__Instructions for the task__: Using the listing below, print the line containing "Building Photo - 651 N 200 W", the line containing "Open concept kitchen, ceramic/tile", and each line between them, exactly and nothing else. Pictures stay out of the print.

__Supplied records__:
★ ★ ★ ★ ★
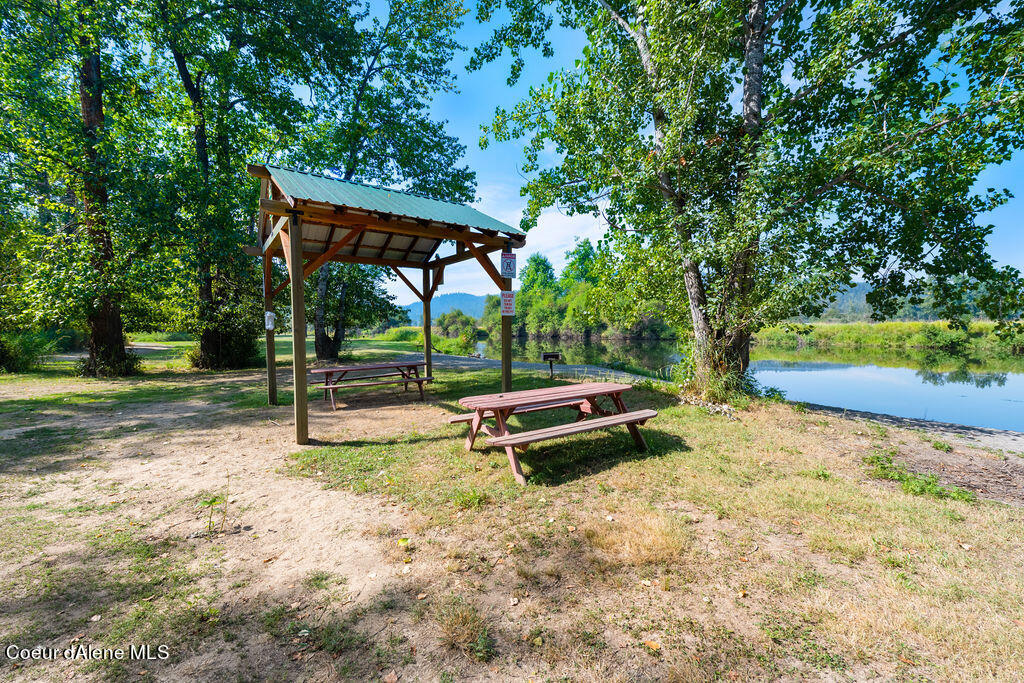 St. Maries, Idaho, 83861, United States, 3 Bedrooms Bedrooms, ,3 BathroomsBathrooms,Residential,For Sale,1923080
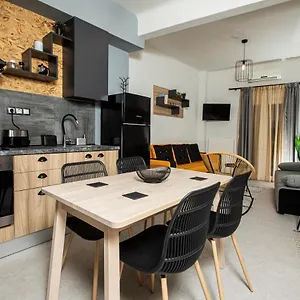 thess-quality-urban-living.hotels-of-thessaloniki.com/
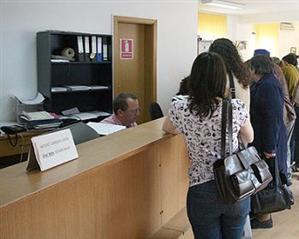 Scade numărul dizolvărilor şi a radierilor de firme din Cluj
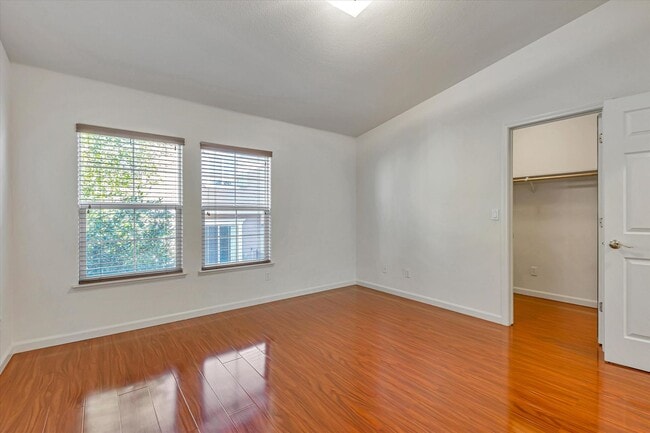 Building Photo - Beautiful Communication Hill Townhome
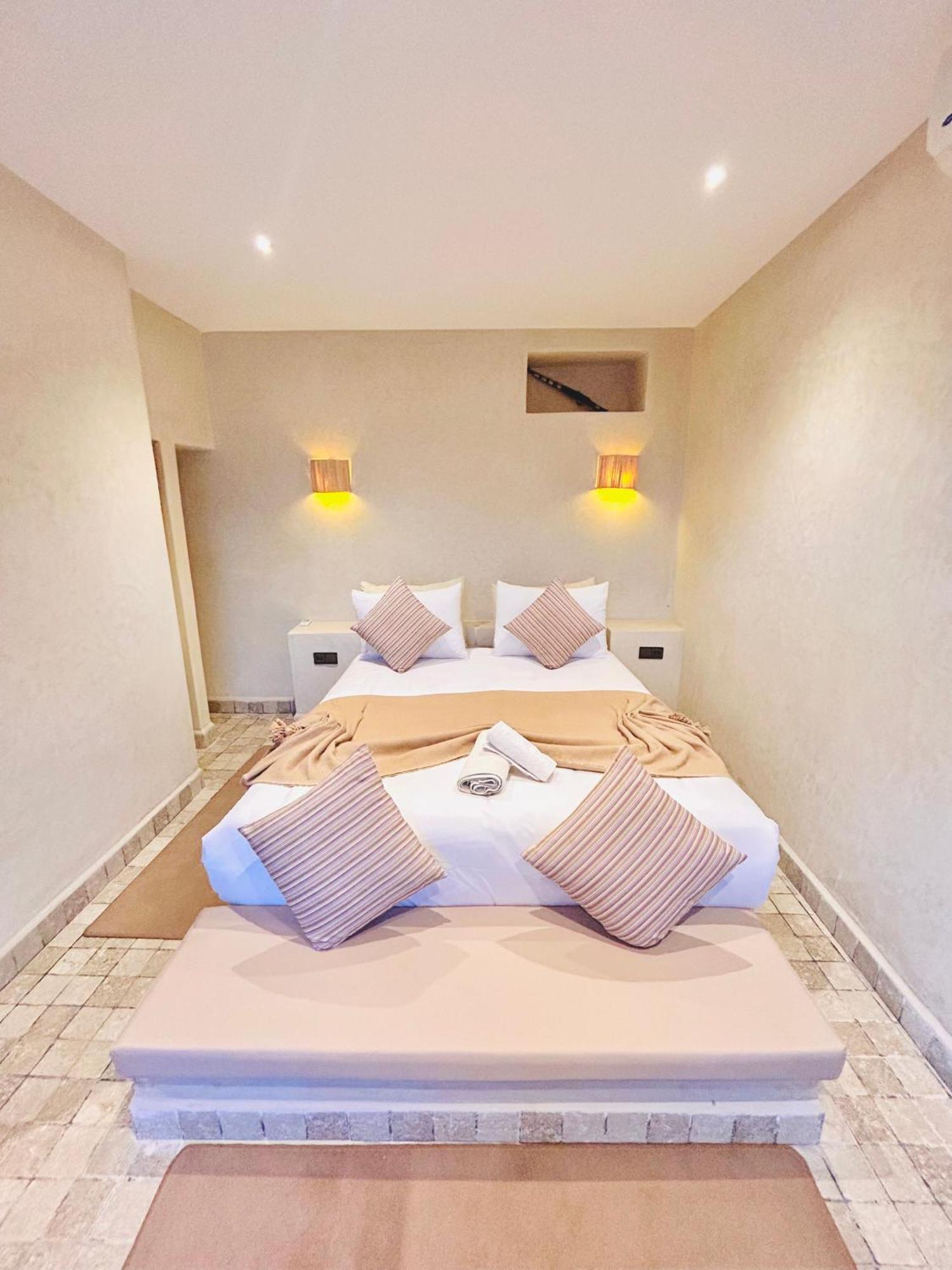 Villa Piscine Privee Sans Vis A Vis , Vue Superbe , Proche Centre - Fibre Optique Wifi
★ ★ ★ ★ ★
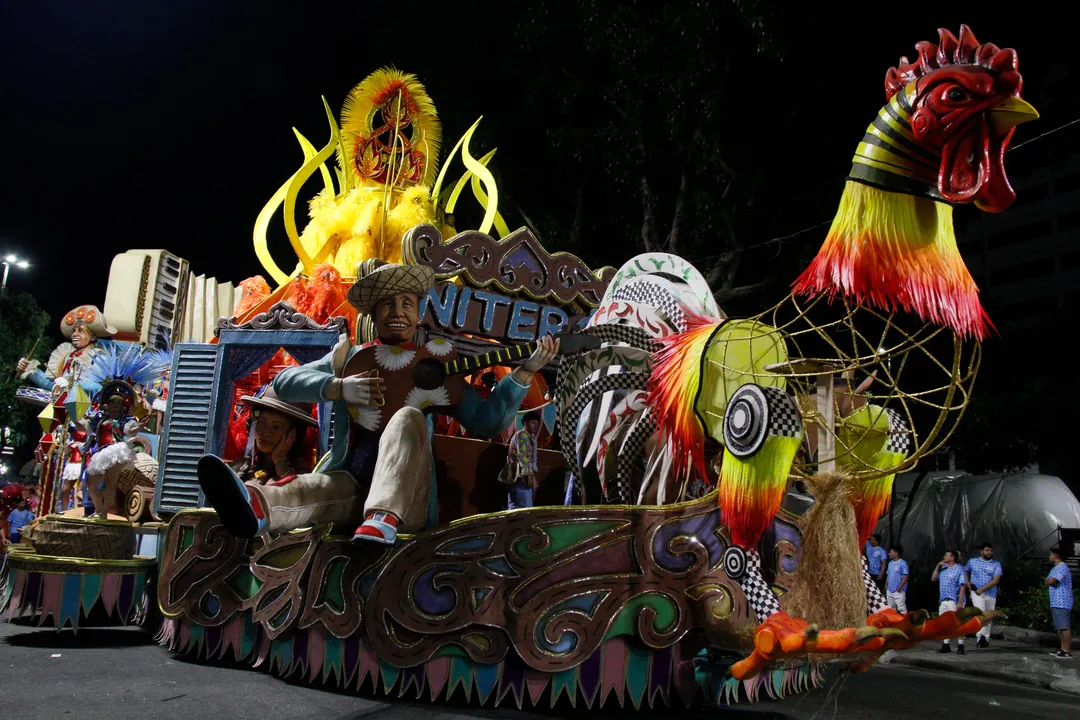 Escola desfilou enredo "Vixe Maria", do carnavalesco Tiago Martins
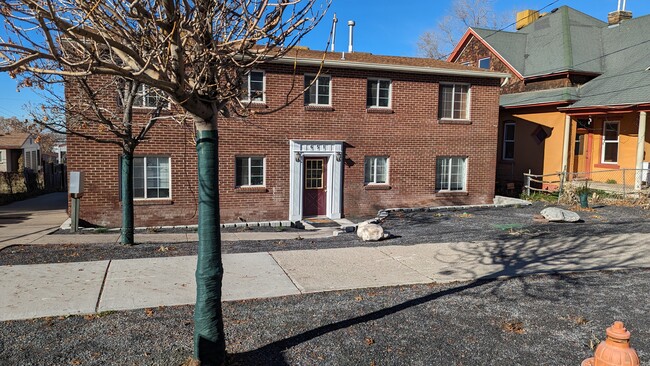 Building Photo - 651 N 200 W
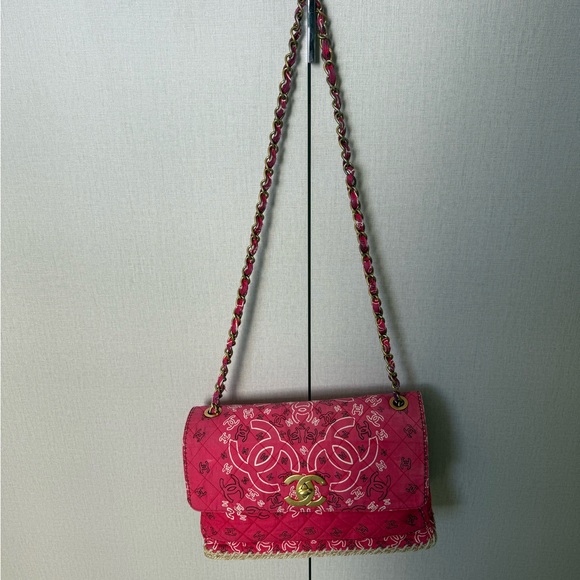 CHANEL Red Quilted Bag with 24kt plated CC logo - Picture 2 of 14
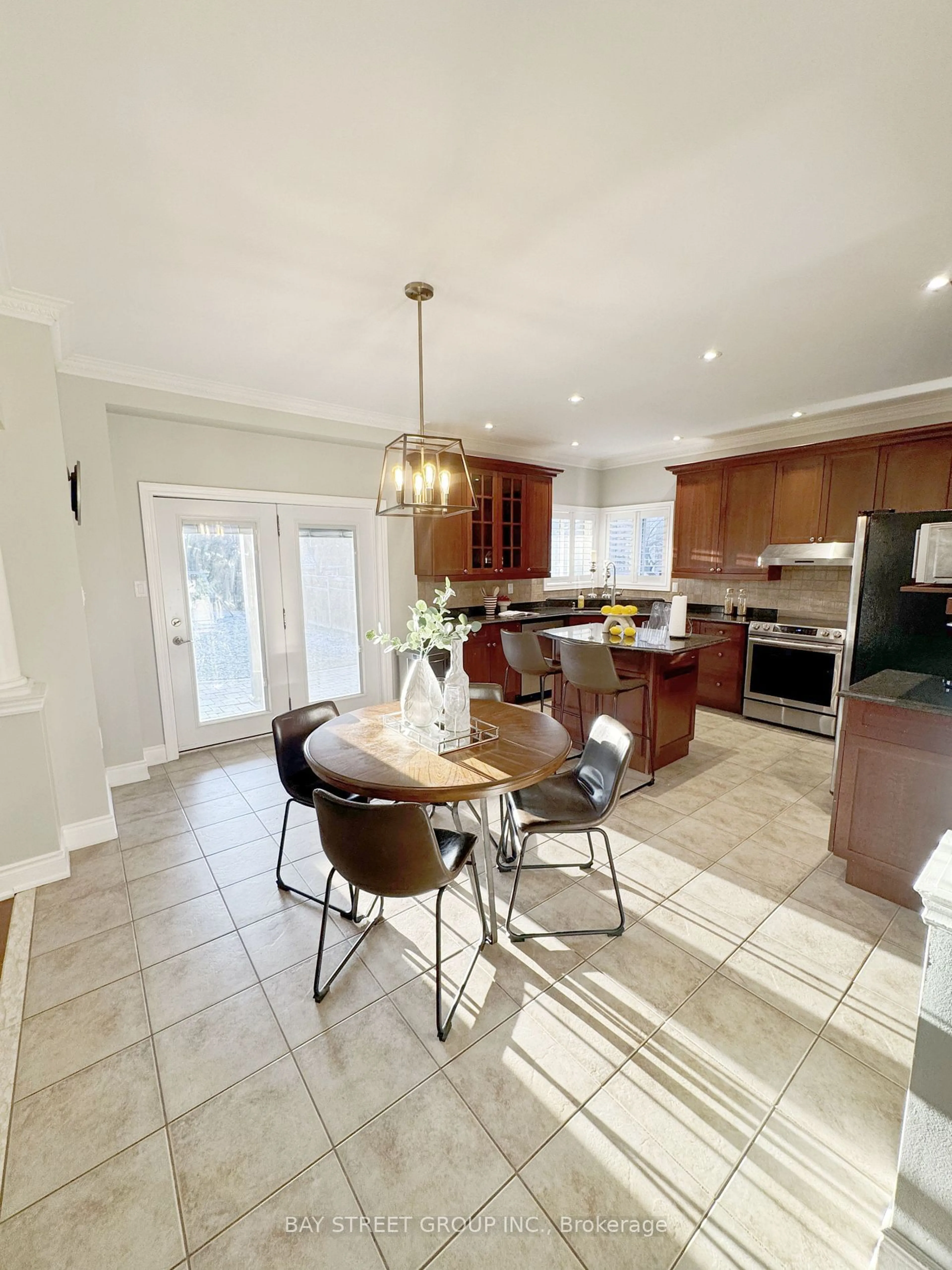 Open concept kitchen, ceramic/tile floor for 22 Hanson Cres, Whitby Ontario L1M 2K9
★ ★ ★ ★ ★
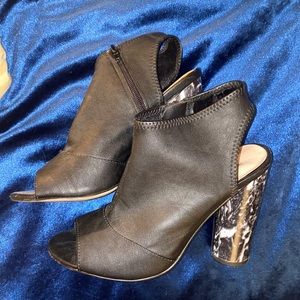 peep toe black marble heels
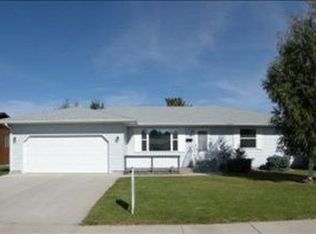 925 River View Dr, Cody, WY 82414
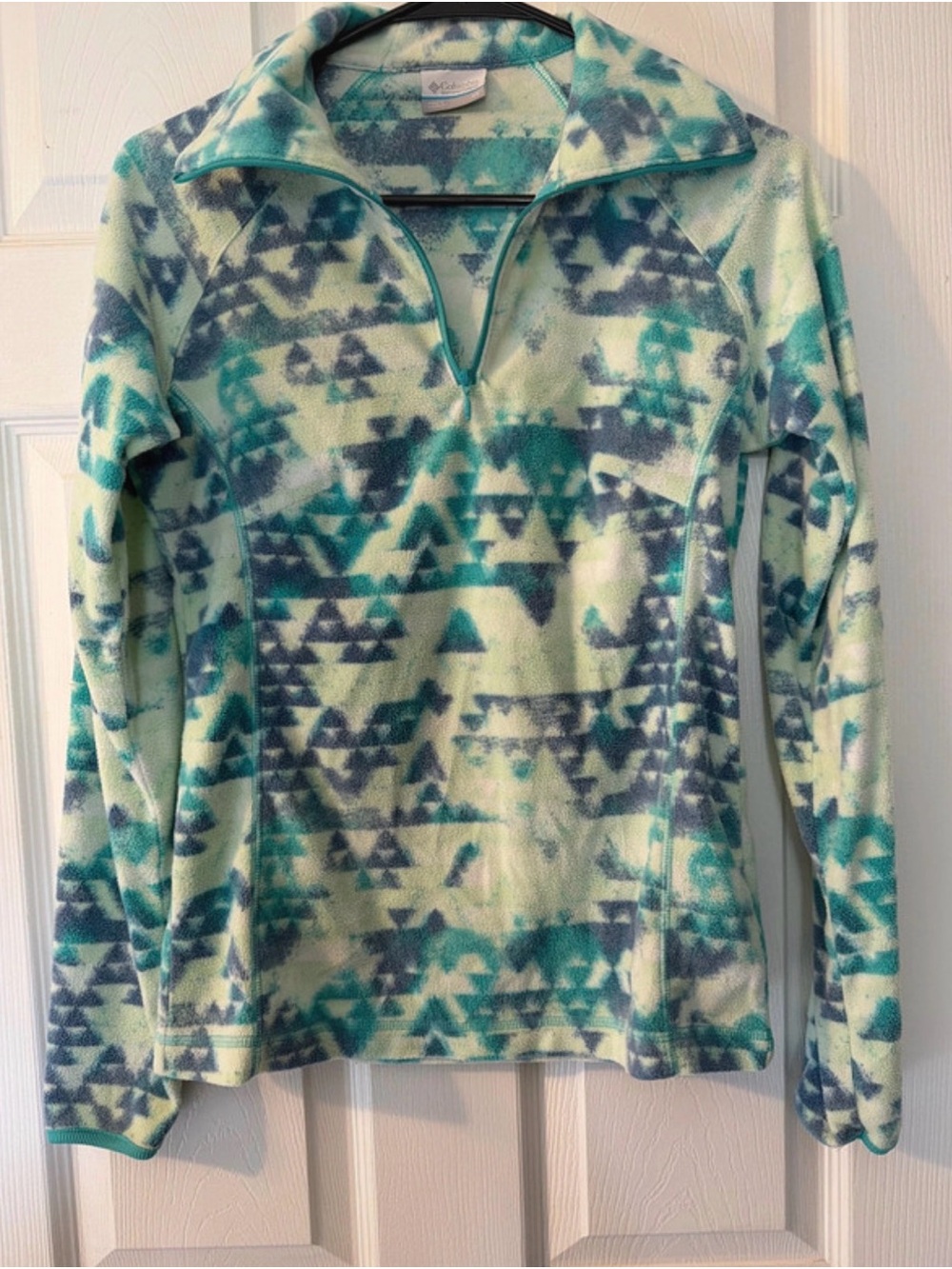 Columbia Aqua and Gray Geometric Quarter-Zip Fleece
★ ★ ★ ★ ★
__The completed task__:
 Building Photo - 651 N 200 W
 CHANEL Red Quilted Bag with 24kt plated CC logo - Picture 2 of 14
 Open concept kitchen, ceramic/tile floor for 22 Hanson Cres, Whitby Ontario L1M 2K9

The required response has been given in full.